┌─ Material to process

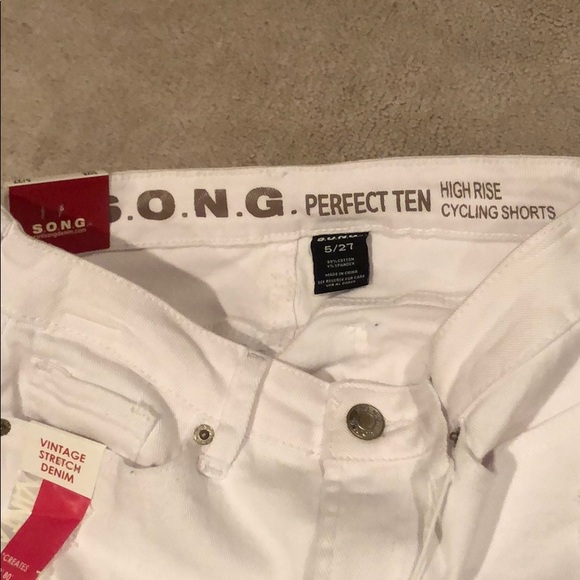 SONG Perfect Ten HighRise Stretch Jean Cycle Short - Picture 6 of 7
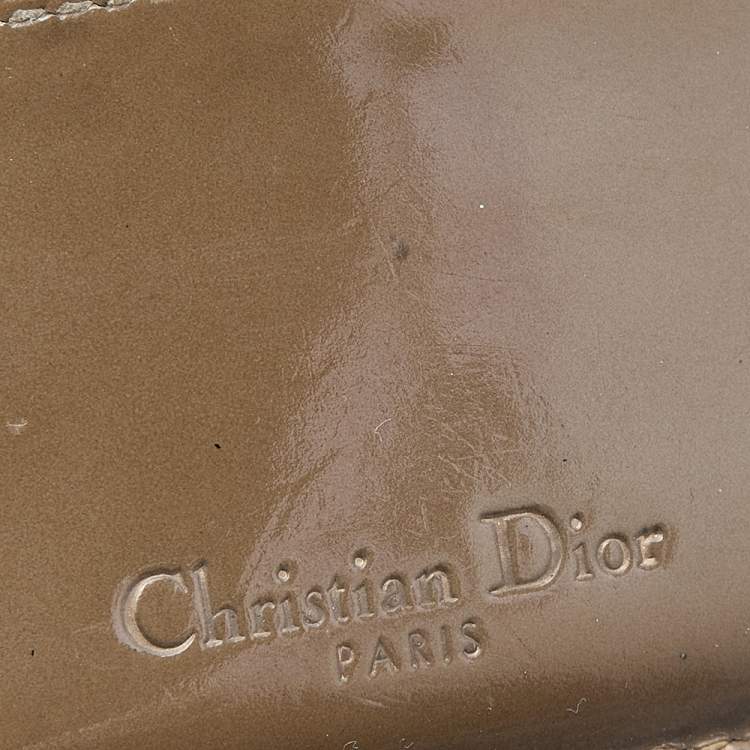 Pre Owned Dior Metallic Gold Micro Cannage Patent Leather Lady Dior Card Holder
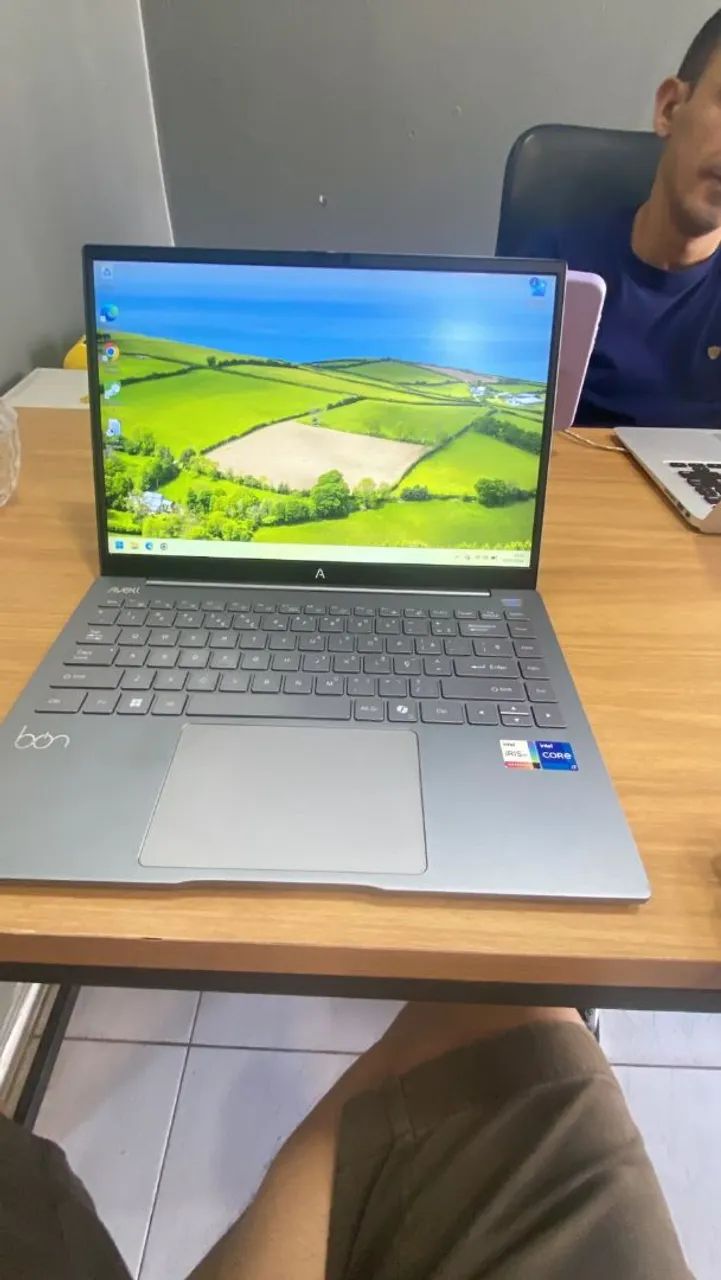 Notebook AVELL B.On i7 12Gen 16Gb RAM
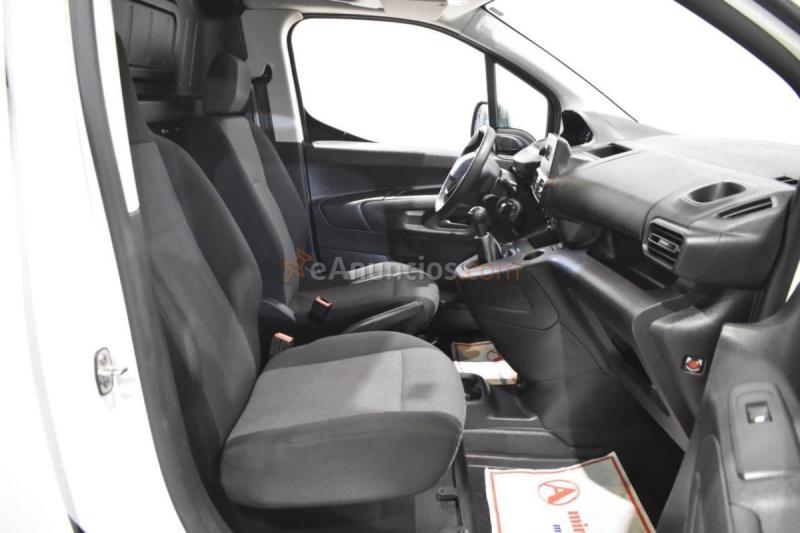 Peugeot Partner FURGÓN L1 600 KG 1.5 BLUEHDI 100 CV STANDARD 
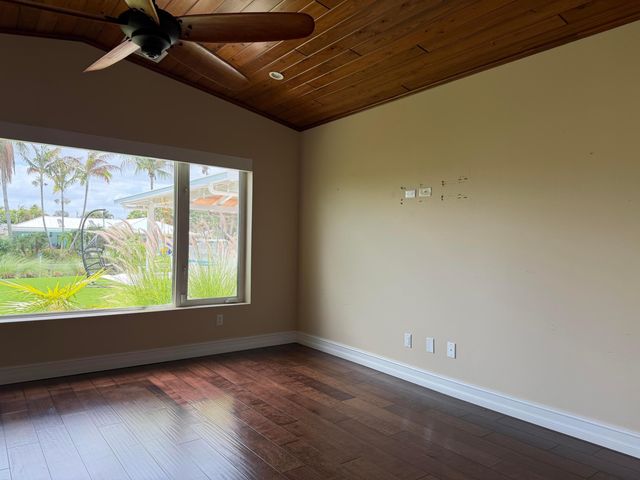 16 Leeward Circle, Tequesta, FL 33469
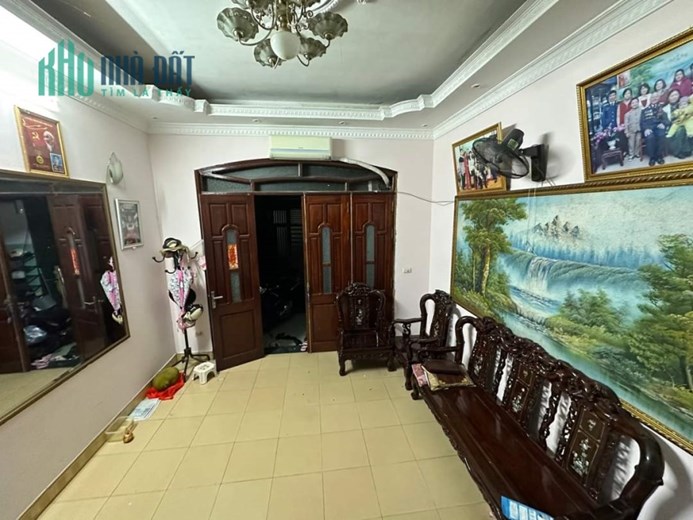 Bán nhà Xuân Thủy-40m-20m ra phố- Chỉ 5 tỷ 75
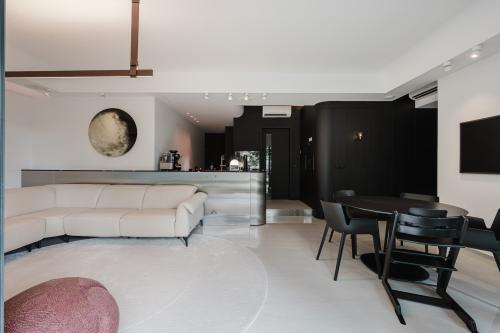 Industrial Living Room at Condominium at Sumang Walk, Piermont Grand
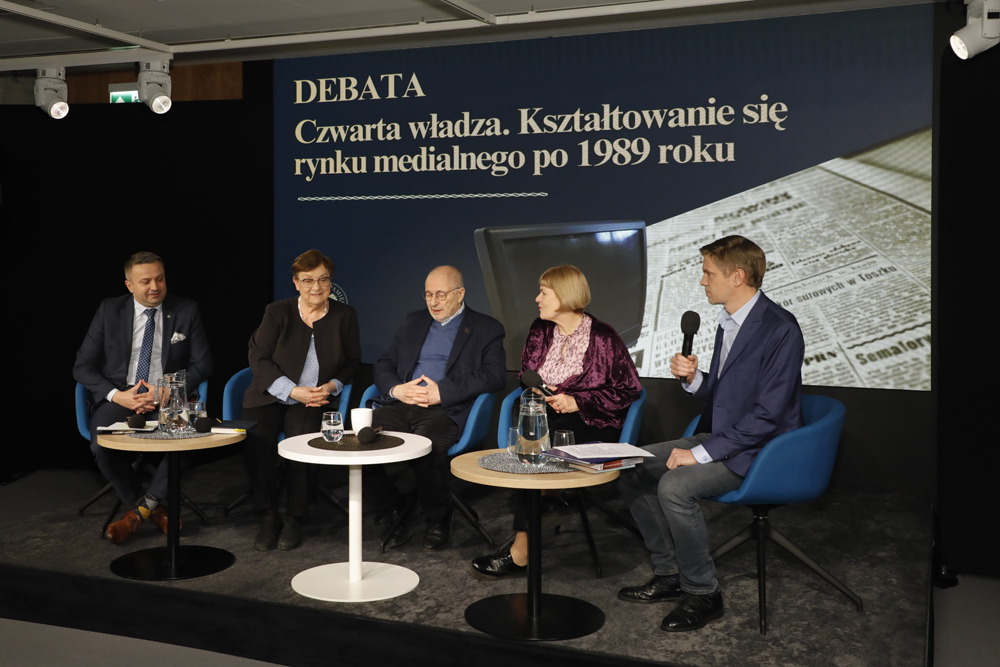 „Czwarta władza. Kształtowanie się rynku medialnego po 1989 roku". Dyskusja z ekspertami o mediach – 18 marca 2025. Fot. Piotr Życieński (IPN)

└─
┌─ Material to process

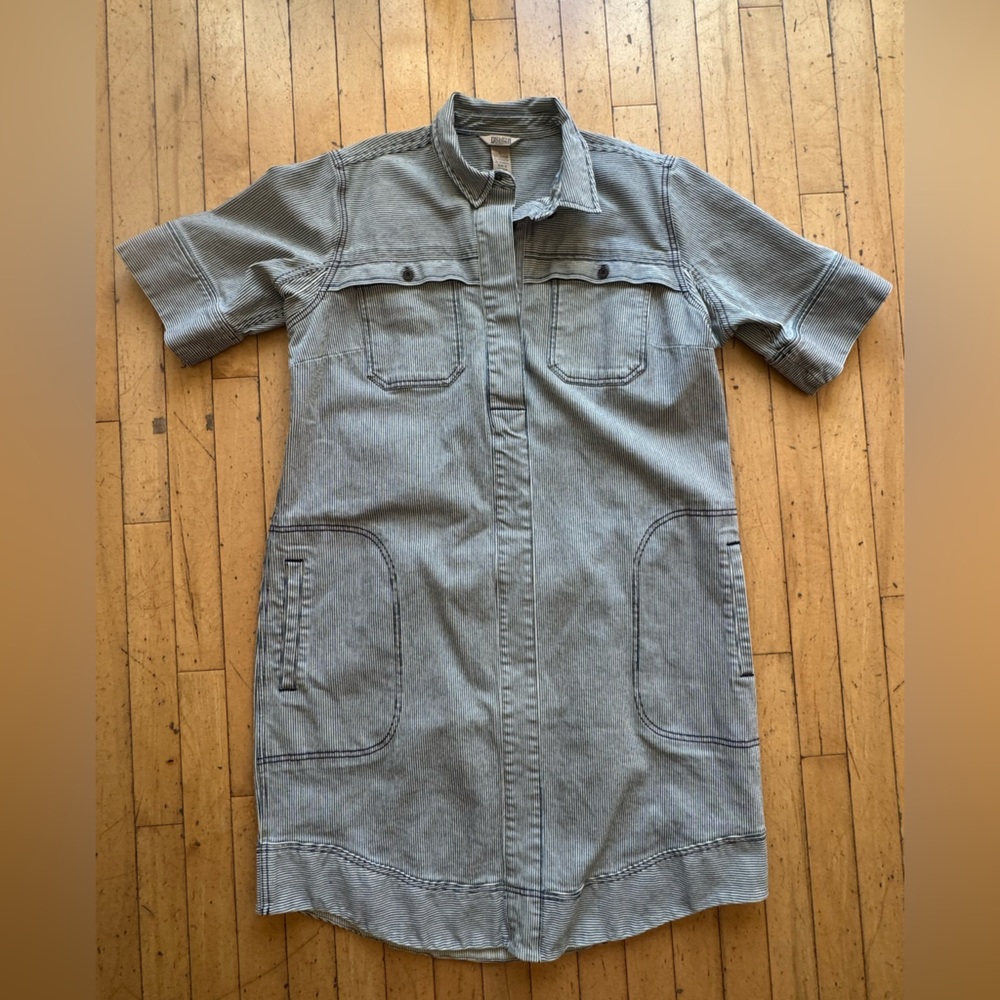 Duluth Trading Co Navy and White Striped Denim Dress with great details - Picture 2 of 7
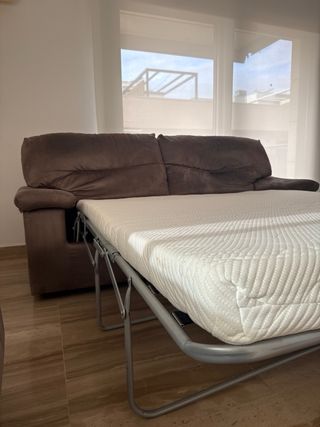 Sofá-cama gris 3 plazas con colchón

└─
┌─ Material to process

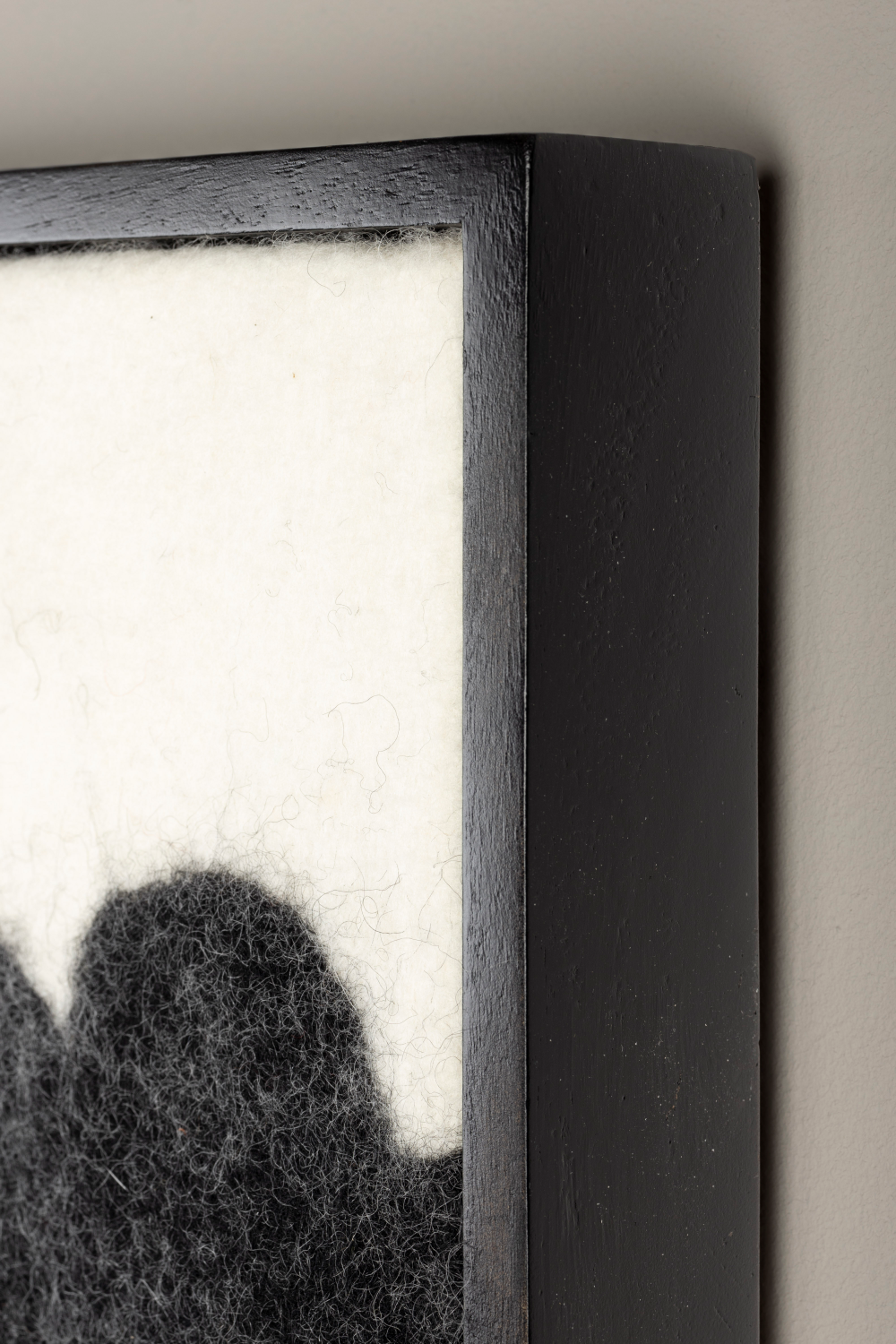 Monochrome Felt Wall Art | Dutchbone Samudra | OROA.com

└─

• Work request
From the records above, output only the lines starting at the one containing "16 Leeward Circle, Tequesta, FL 33469" and ending at the one containing "Industrial Living Room", word for word. Pictures stay out.

• Result for this exercise
 16 Leeward Circle, Tequesta, FL 33469
 Bán nhà Xuân Thủy-40m-20m ra phố- Chỉ 5 tỷ 75
 Industrial Living Room at Condominium at Sumang Walk, Piermont Grand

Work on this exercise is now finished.